Claiming tax deductions for personal concessional super contributions

Posted on October 25, 2019 by Piera-Lee Ramm

Prior to 1 July 2017, Personal Concessional (deductible) Contributions had only been available to self-employed persons, or substantially self-employed persons meeting the 10% maximum earnings condition. Since 1 July 2017 however, both employees and self-employed persons have been able to make Personal Concessional Contributions with the 10% rule criteria removed. This means more people can claim a tax deduction for personal super if the conditions summarised below are met.

General conditions for claiming a tax deduction for personal super contributions

The following primary conditions must be met to be eligible to claim a tax deduction for a personal super contribution:

  • A personal contribution must be made to a complying super fund for the purpose of providing super benefits
  • The contribution is not made to one of the following types of complying super funds:
    • a defined benefit interest in a Commonwealth public sector superannuation scheme
    • an untaxed super fund
  • The individual deducts the contribution for the income year in which the contribution is made
  • The individual submits a valid notice to the fund trustee (further information is provided below)
  • The fund trustee gives the member an acknowledgement of receipt of the valid notice

Additional conditions must be met if:

  • the contribution was made prior to 1 July 2017 and the individual is an employee (10% rule applies)
  • the individual is under age 18

Age-related conditions

If an individual is under the age of 18 at the end of the income year in which they make a contribution, to be eligible to claim a tax deduction for the super contribution, they must have derived income in the income year:

  • from the carrying on of a business, or
  • attributable to activities where they are treated as an employee for Superannuation Guarantee purposes.

If an individual is aged 65 to 74, they may need to satisfy the work test for the super fund to accept the contribution before tax deductibility can be considered.

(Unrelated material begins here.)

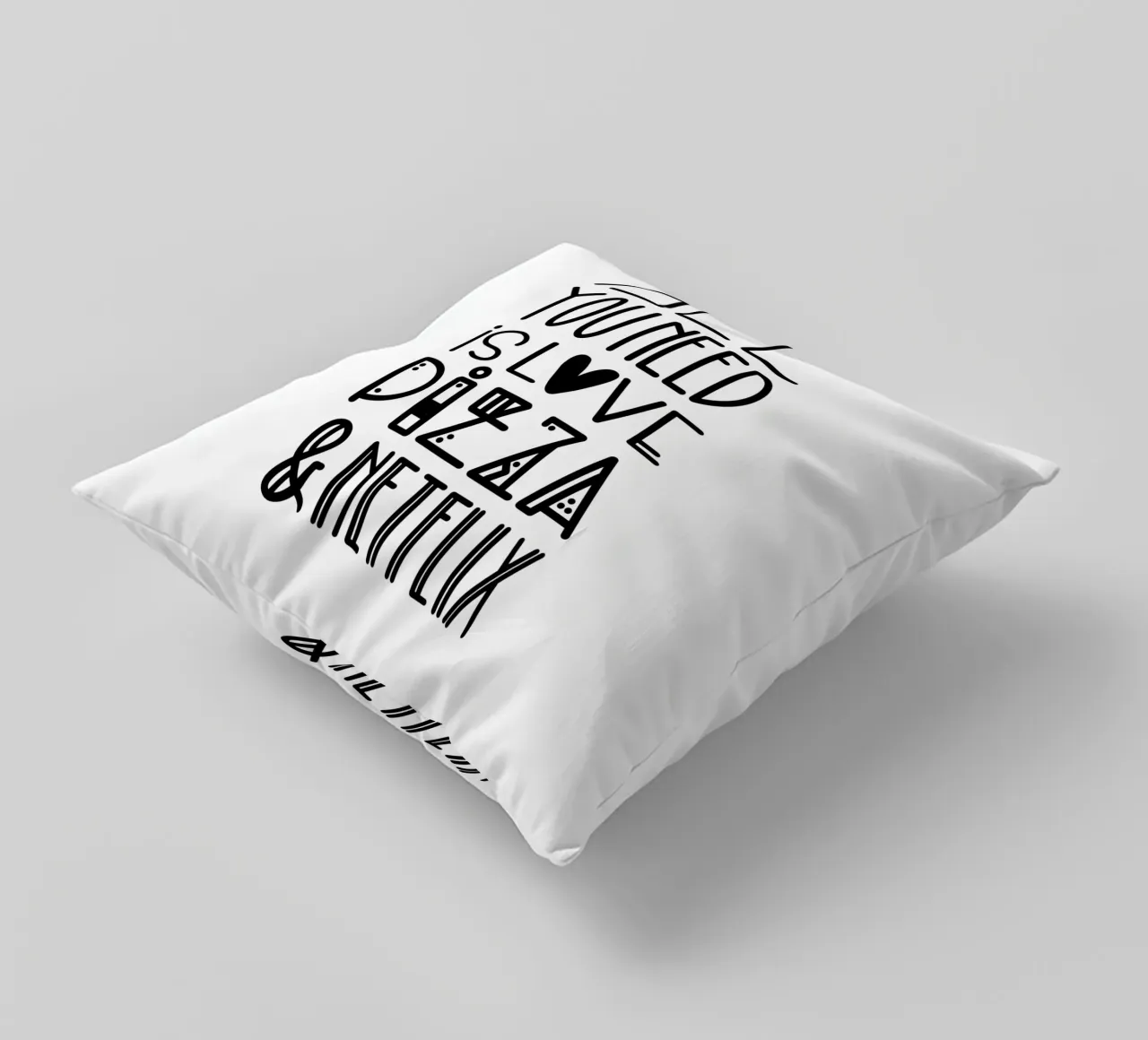All you need is pizza und netflix cuscino da LIMITED EDITION LETTERS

A person passes the work test if they have been gainfully employed for at least 40 hours in a period of not more than 30 consecutive days in the relevant financial year.

Since 1 July 2019, individuals aged 65 to 74 with a total superannuation balance below $300,000 can make voluntary contributions for 12 months from the end of the financial year in which they last met the work test.

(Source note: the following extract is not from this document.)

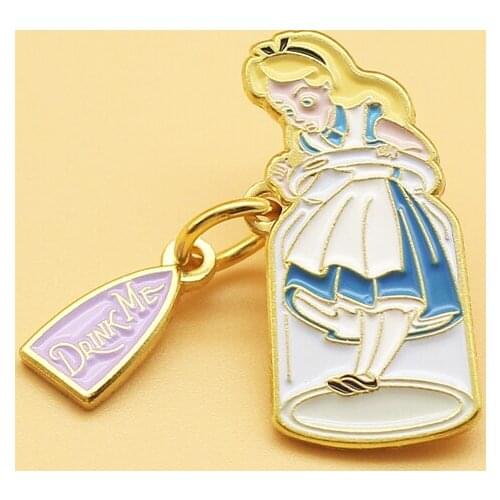 Beautiful Girl Enamel Pins Funny Cartoon Game Movie Novel Metal Badge Women Fashion Jewelry Gift Brooch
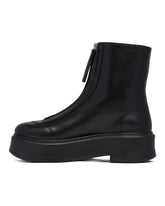Black Zipped Ankle Boots | PDP | dAgency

Additionally, from July 2020 a relaxation of the work test rules relating to contributions for individuals aged 65 and 66 has been proposed to allow voluntary superannuation contributions (both concessional and non-concessional) even if they do not meet the work test.

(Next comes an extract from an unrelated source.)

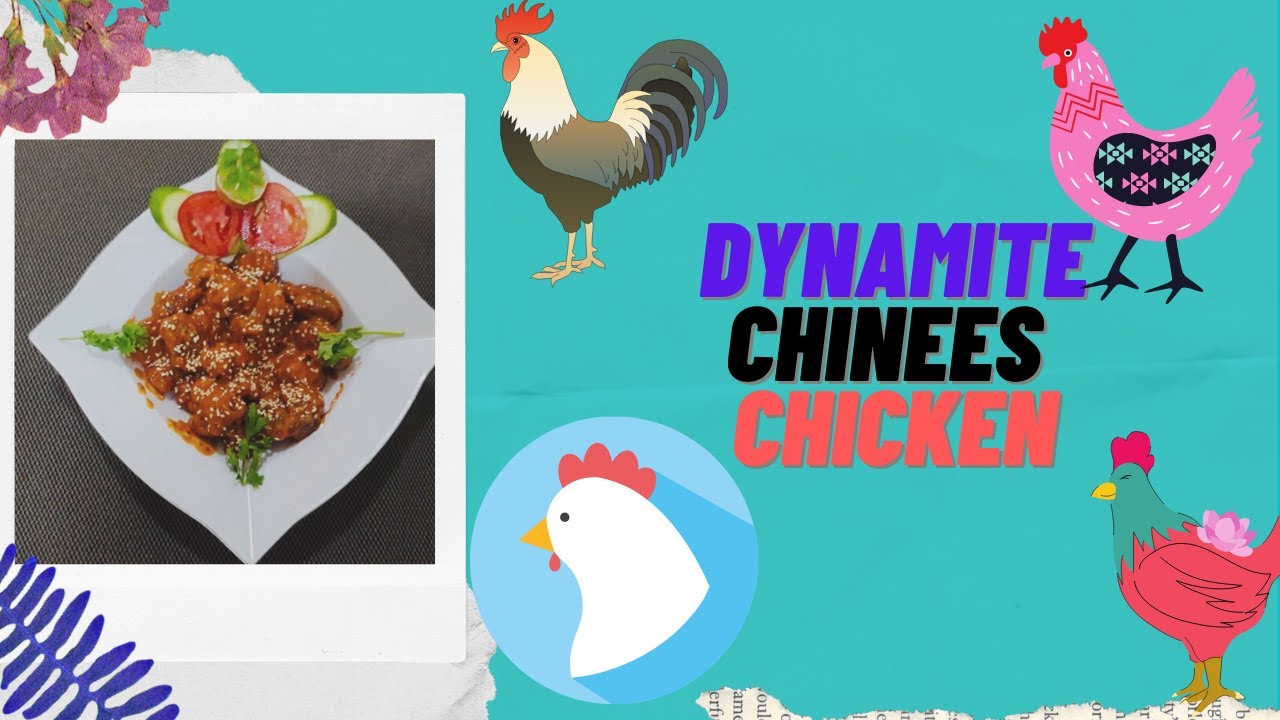 dynamite chinese chicken(perfect starter)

If an individual is aged 75 or more, the fund cannot accept personal member contributions, so the member is unable to make personal deductible contributions from age 75.

Important Considerations

Personal Concessional Contributions are subject to the concessional contributions cap (currently $25,000 per financial year). Personal Concessional Contributions must be considered in total with an individual’s other concessional contributions for the year, such as employer contributions.

An individual cannot create a tax loss by making a personal concessional contribution. This means the tax deduction that can be claimed in respect of a personal contribution is limited to the individual’s assessable income for the year, less other deductions.

An individual with a total superannuation balance of $1.6 million or more is not restricted from making personal deductible super contributions. However, if the deduction is denied by the ATO, the contribution will be re-classified as a non-concessional contribution. Individuals with a total superannuation balance of $1.6m or more are not eligible to make non-concessional contributions so if the contribution is denied as a personal concessional contribution, the contribution will be excessive and could incur additional tax.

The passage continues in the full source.